I am not willing to work on this anymore. As I said, I'm tired and drained of energy. So, please advise me from your personal experience with divorce, what may work best to make this a smooth transitiion. I am too tired to fight. I just want this burden to be gone. Please advise and thank you in advance!!


----------



## cosmicblu

Hello, Im in the same situation as well. Ive not found my answers either. Still waiting on more replies to mine below. my situation has periods of physical abuse as well though that adds to my reasons. even though he insists hes done with that, I feel it is too late for me and my feelings. Told him Im not in love with him anymore but during our most recent convo ive all but taken that back mostly because he was sitting there crying about all that he was loosing. Because I do love that man... but I just dont see him the same, have grown apart but keeping up the outward showing of emotions, but every time i do they way i really feel is in the back of my mind. I feel the same as you though, relief when he has to work like today on a saturday, or when he has to work later at nite. But anxious when hes here like i cant really relax. some of those things are also because of his temper and how easily he can snap about dumb things around here. I hope for quick answers for both of us! and your certainly not alone


----------



## golfergirl

cosmicblu said:


> Hello, Im in the same situation as well. Ive not found my answers either. Still waiting on more replies to mine below. my situation has periods of physical abuse as well though that adds to my reasons. even though he insists hes done with that, I feel it is too late for me and my feelings. Told him Im not in love with him anymore but during our most recent convo ive all but taken that back mostly because he was sitting there crying about all that he was loosing. Because I do love that man... but I just dont see him the same, have grown apart but keeping up the outward showing of emotions, but every time i do they way i really feel is in the back of my mind. I feel the same as you though, relief when he has to work like today on a saturday, or when he has to work later at nite. But anxious when hes here like i cant really relax. some of those things are also because of his temper and how easily he can snap about dumb things around here. I hope for quick answers for both of us! and your certainly not alone


Not an answer for you, but I know the feeling of enjoying time they are away. I describe it like being able to take a full deep breath. I feel like I shallow breathe when he's around. And I feel guilt. I'm doing the happy dance when he's gone and he's in tears when he leaves on business.

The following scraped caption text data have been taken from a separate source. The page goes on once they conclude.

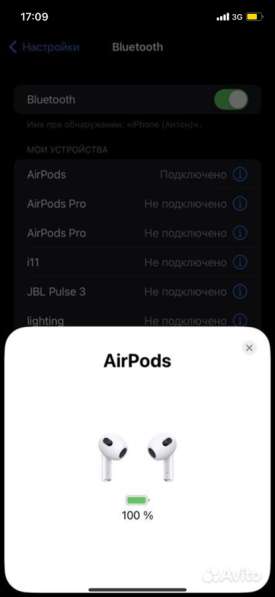 Наушники AirPods 3 в Воронеже фото 4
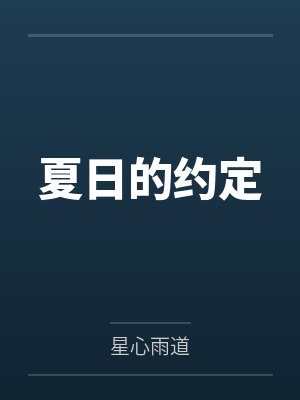 夏日的约定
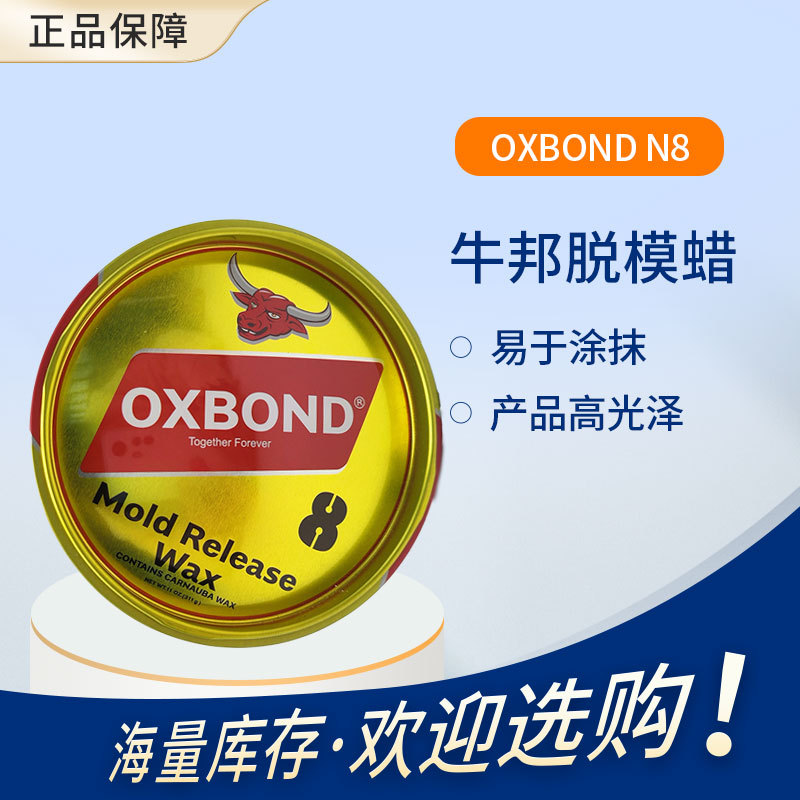 【牛邦】oxbond n8 脱模蜡 提高产品光泽 易于涂抹 游艇卫浴洁具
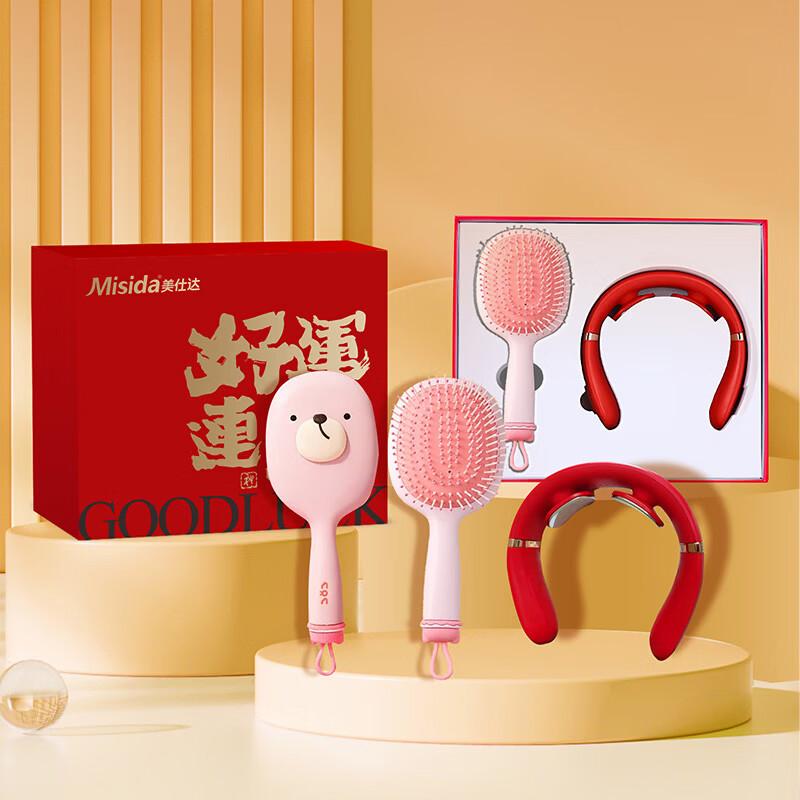 Misida Neck Massager & Air Cushion Comb Gift Set CN plug (adapter included)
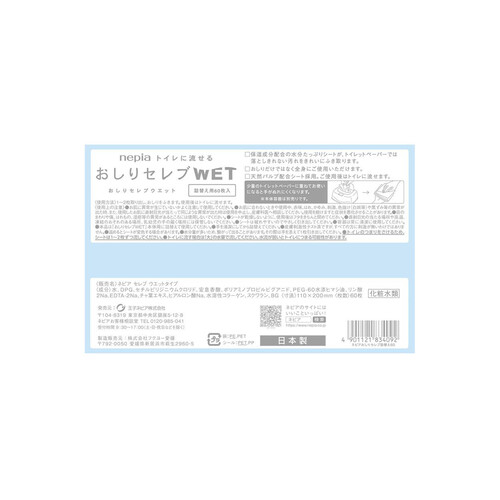 王子ネピア おしりセレブウェット 60枚入 無香料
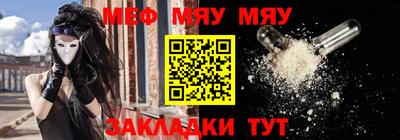 a pvp Старая Купавна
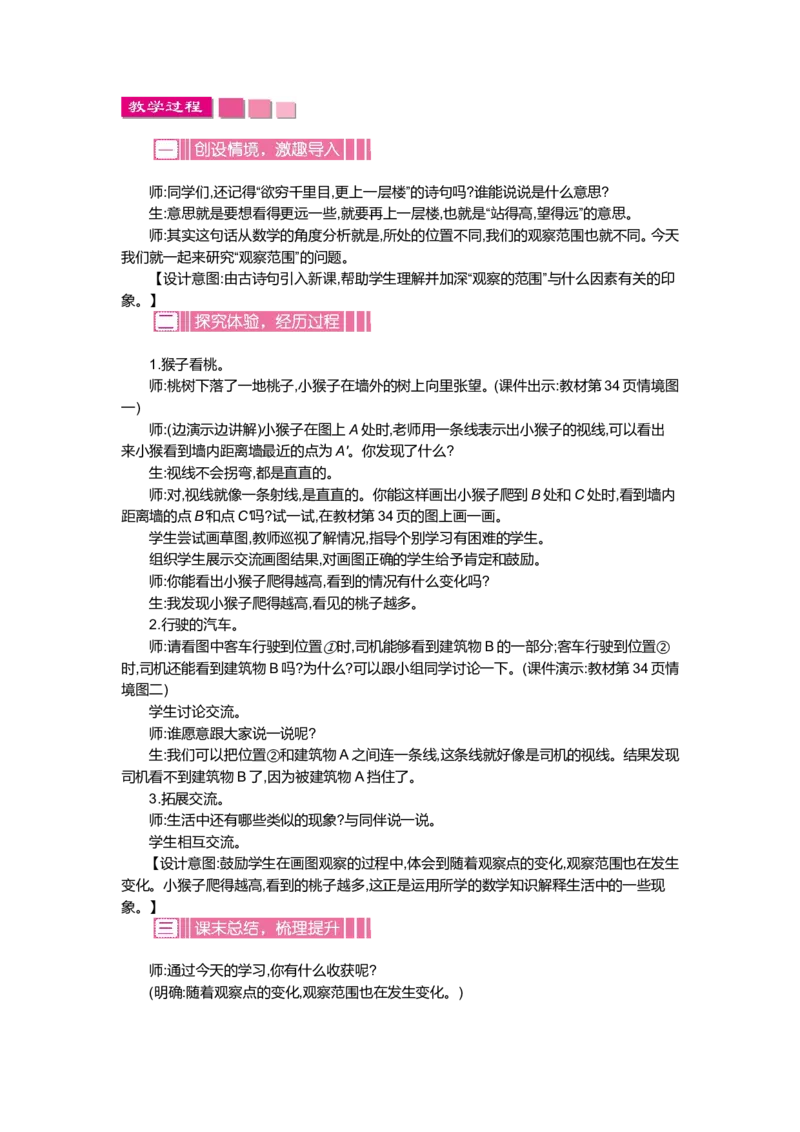 第三单元观察物体_小学1-6年级全部试卷_数学_六年级_3-11-3、小学六年级数学上册_3-11-3-3、课件、讲义、教案_6年级上册-北师大数学全套备课资料_BS六年级数学上册教案2套
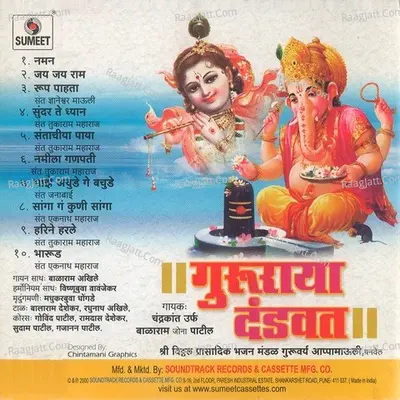 Gururaya Dandavat - Balaram Patil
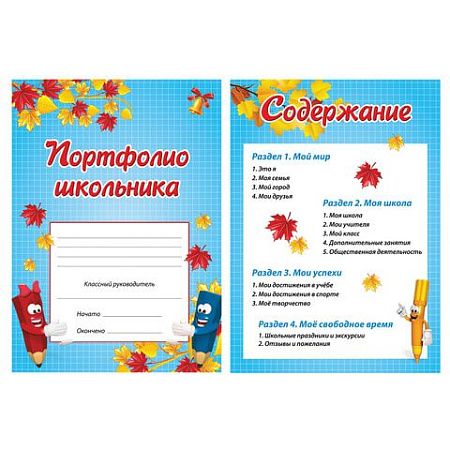 Листы-вкладыши для портфолио, для начальной школы, 14 разделов, 16 листов, "Я и школа", BRAUBERG, 127549 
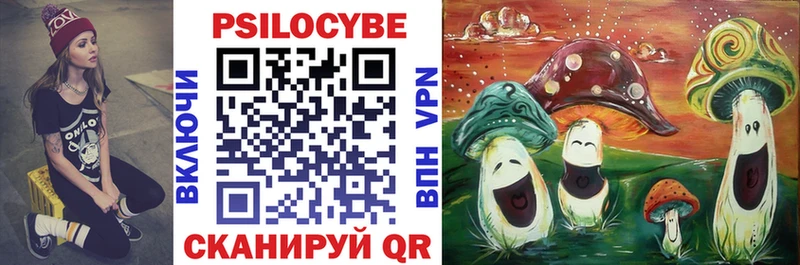 Купить где  Алупка  Галлюциногенные грибы мухоморы 
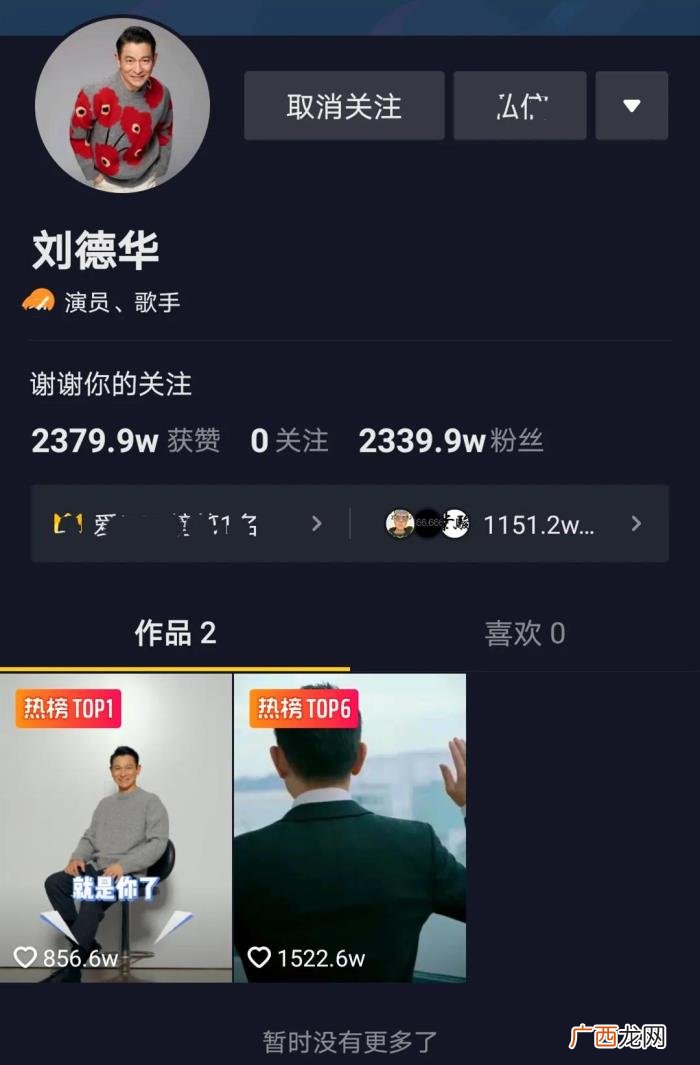 两千万粉丝的明星都有谁，一天两千万粉丝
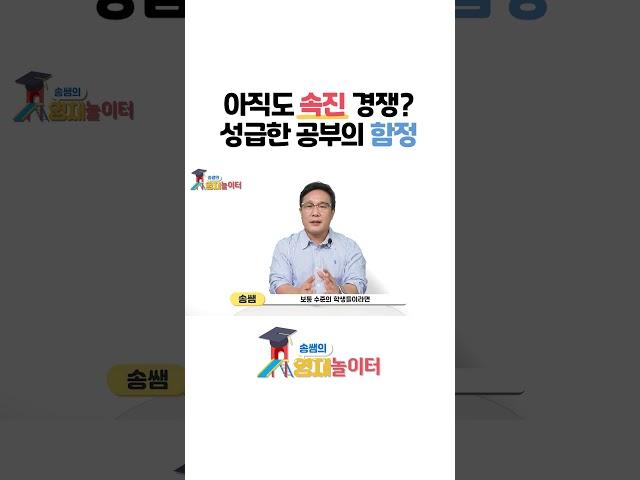 이것 모르고 달리다간 큰일 납니다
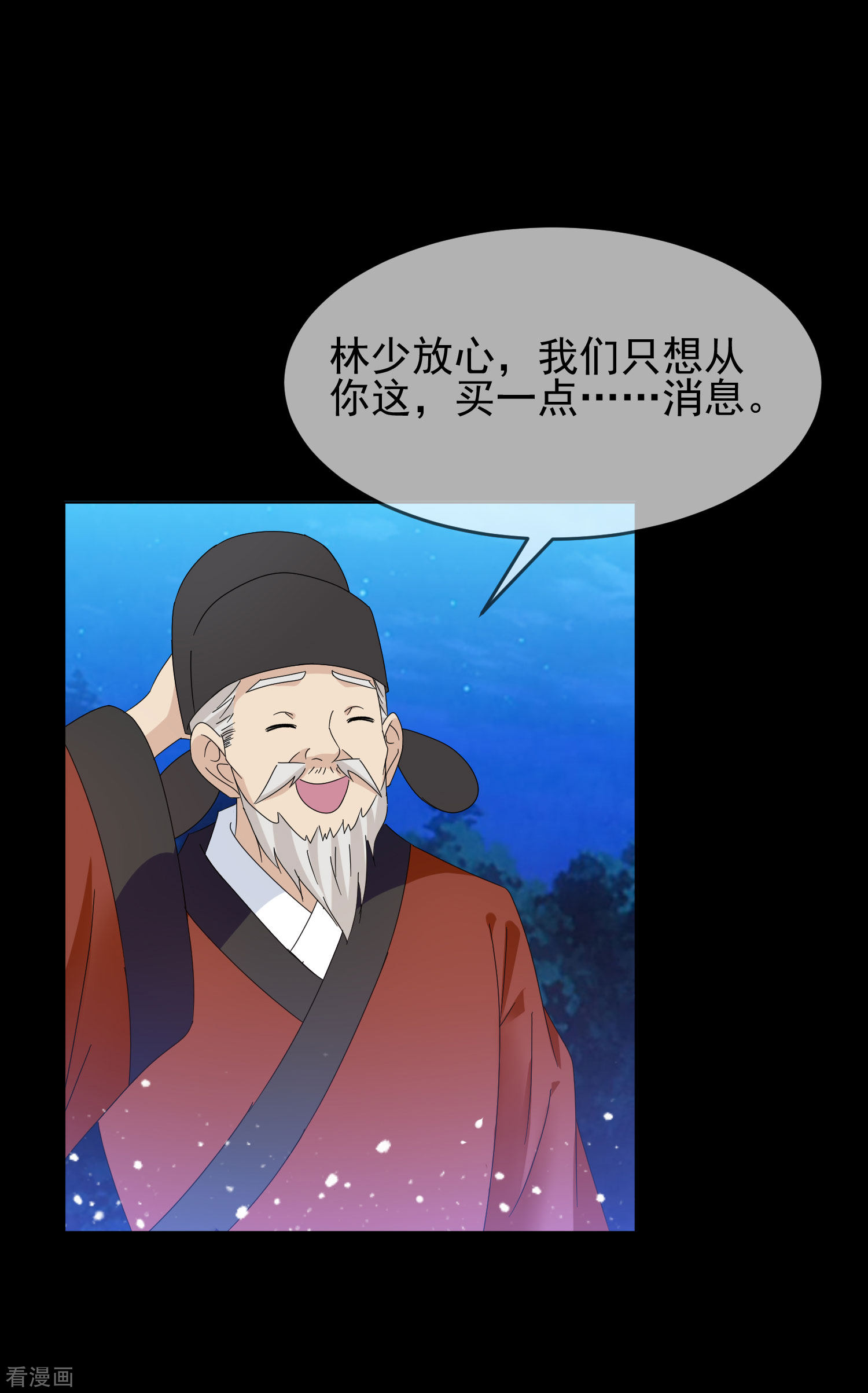极品败家子262话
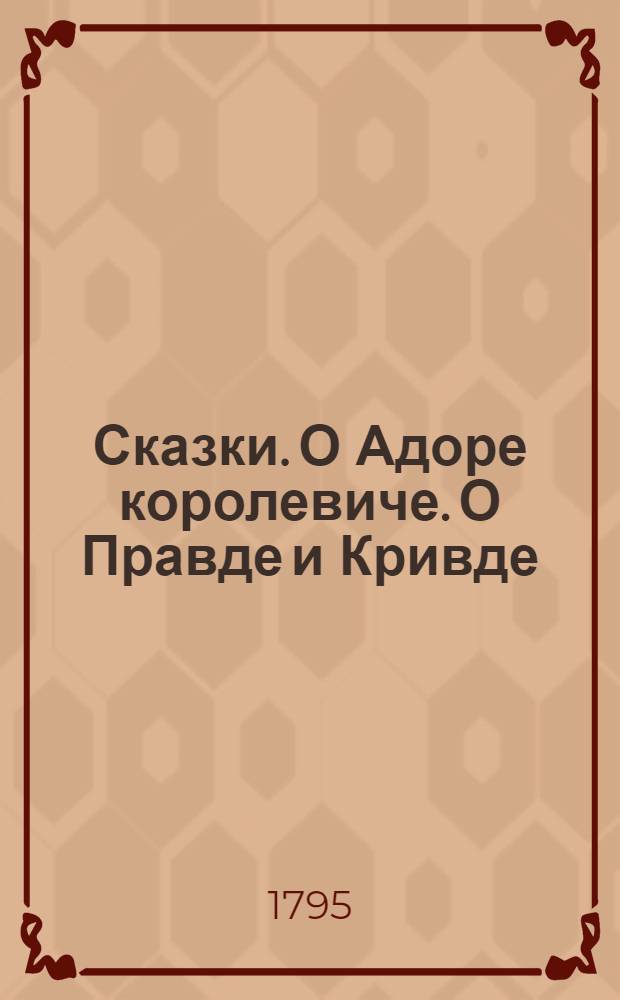 Сказки. О Адоре королевиче. О Правде и Кривде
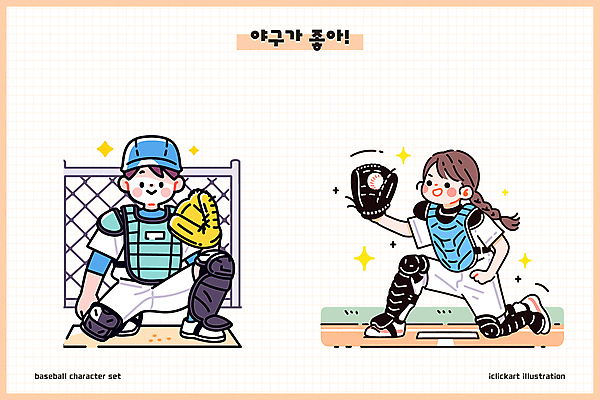 전신 여자 남자 어린이 일러스트 미소 들기 소녀 소년 두명 반짝임 잡기 야구글러브 야구모자 야구복 포수 웅크림 비장 어린이만 일러캐릭터 AI파일 캐릭터 모자_잡화 모션 표정 사람 운동복 야구 야구용품 글러브 야구선수 파일형식 벡터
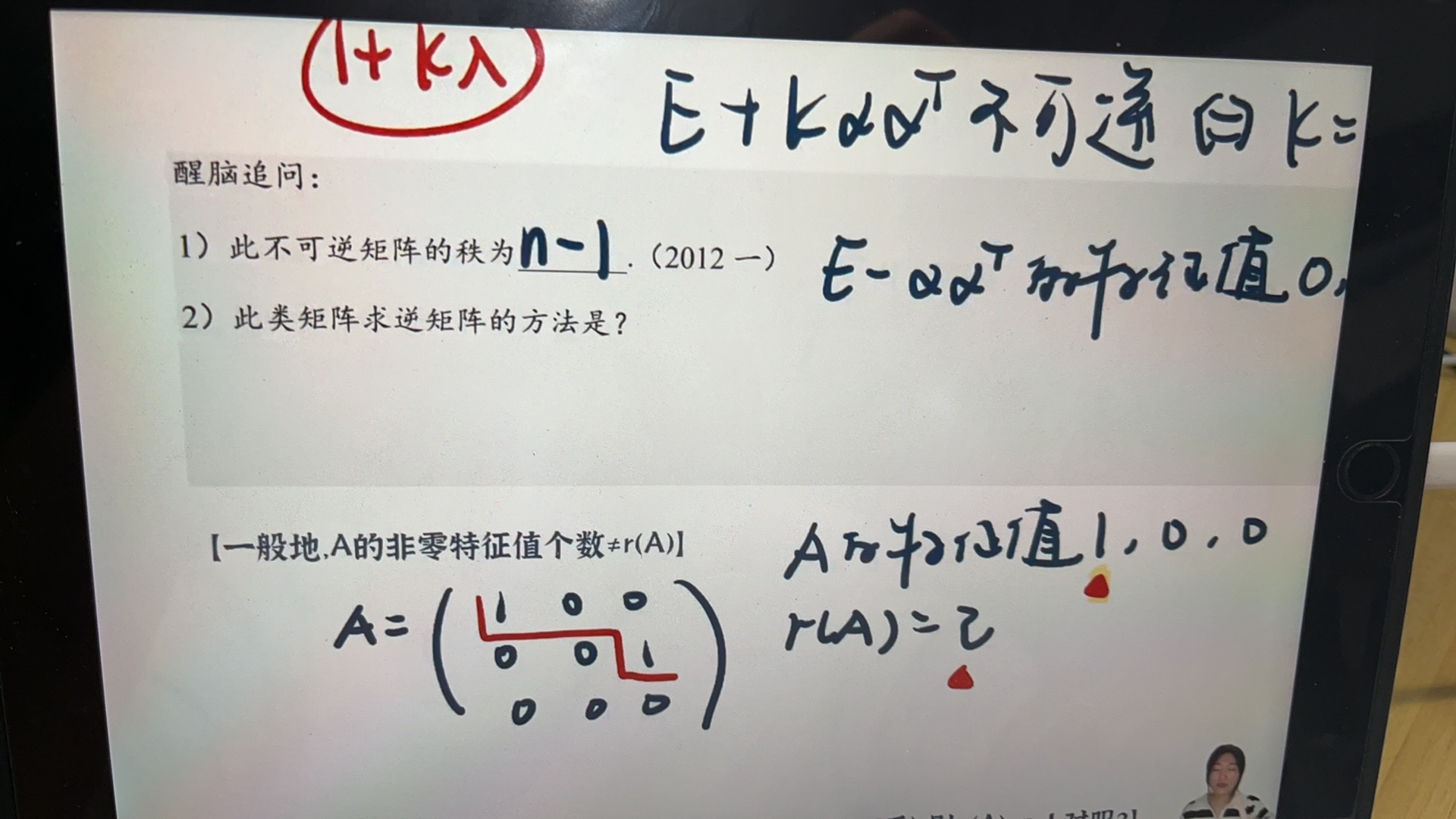 '></div><hr><h3>老师回复问题</h3>初等变化改变特征值，100的话就是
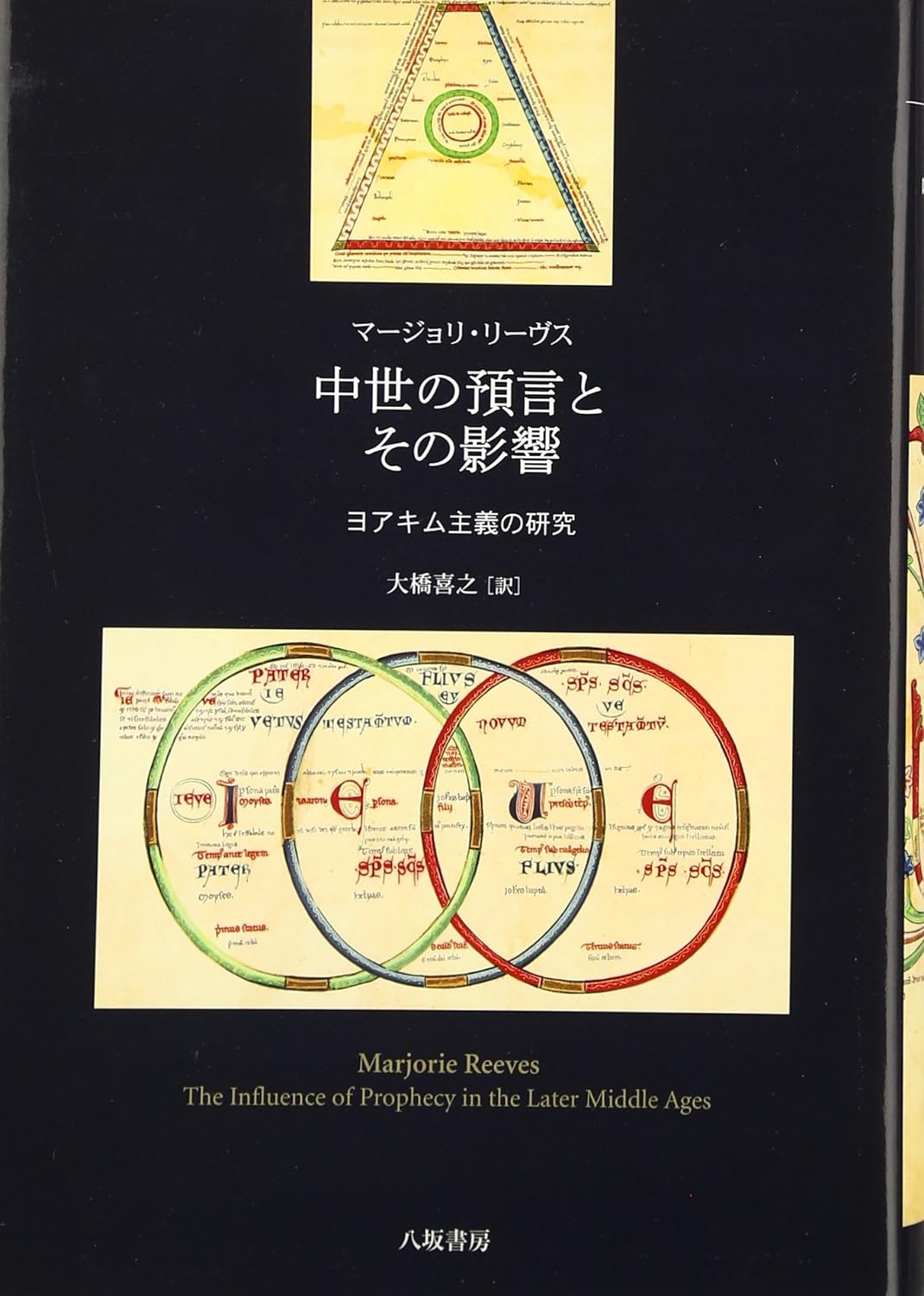 中世の豫言とその影響: ヨアキム主義の硏究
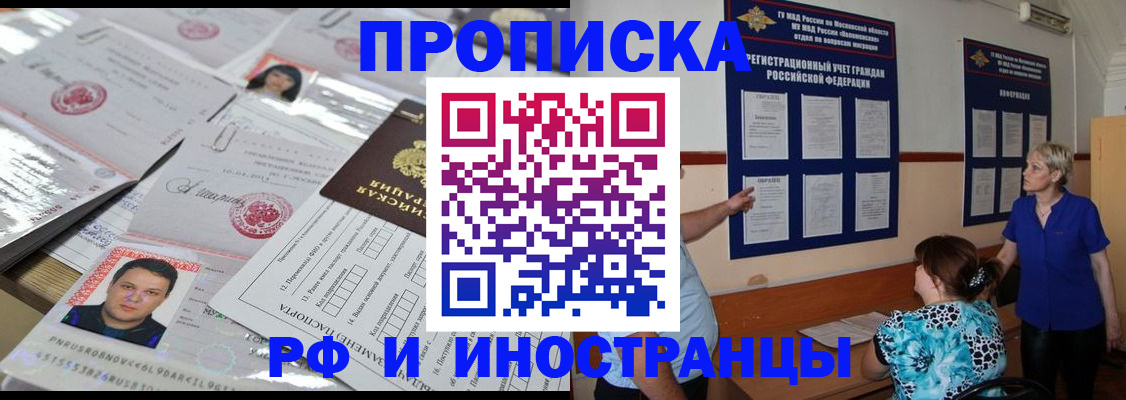 прописка в Егорьевске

Why do these crappy releationships bring them such 'happiness' for them and crap for us?
Can your talk be done in front of a counselor?
_Posted via Mobile Device_


----------



## toughmommy

tiredanddone said:


> Hi all,
> Obviously I'm new and need advice. I am tired and I am done. I want a divorce. I need help with HOW to tell my H I want a divorce. This news won't surprise him, but will make him very upset. I'm afraid he may become unstable and not sure how he will react. I also need advice on how to make the process the least financially draining and amicable. I do not want to cause either of us financial distress, nor am I looking to "rape" him of money or possessions. I just want this to be fair and amicable.
> 
> We have been married 20 years and have 3 children ages 17, 15 and 10. I have considered how this will affect them. I think we are putting them through more emotional harm if we remain married.
> 
> I fell out of love with this man years ago. *Marriage was not what I thought it would be, nor has he turned out to be the person I need. We have been through some very tough situations in our marriage; multiple deaths and he has gone through job losses several times. When the deaths of family members occurred, he "checked out" and left me dealing with everything. When he went through job losses, again I was left to handle the financial issues and decisions to handle our situation. I am so tired of being married to this man. He is like another child to me. When he is gone for the night for work, I feel so relaxed and relieved. When he is around I feel tense and anxious. I CAN'T live this way anymore. Yes, I have reached the point where I am done. I know all too well that life is too short to endure unhappiness.*
> 
> 
> Are you me? I am living what you write above. I want out too. Did get him to go to marriage counseling but I don't think a marriage counselor can make someone grow up. I am so tired, drained and discouraged. If he did "change" I wouldn't trust it and just fear the next time a biggie happens when I need him to be left to take care of it all by myself yet again. I can't live the rest of my life like this either. I need to be married to a grown man capable of sharing responsibility with me not a child disguised in a man's body.


----------



## cosmicblu

golfergirl-- no he wont do counseling, doesnt believe in it so he certainly wont spend the $ on it..


----------



## golfergirl

cosmicblu said:


> golfergirl-- no he wont do counseling, doesnt believe in it so he certainly wont spend the $ on it..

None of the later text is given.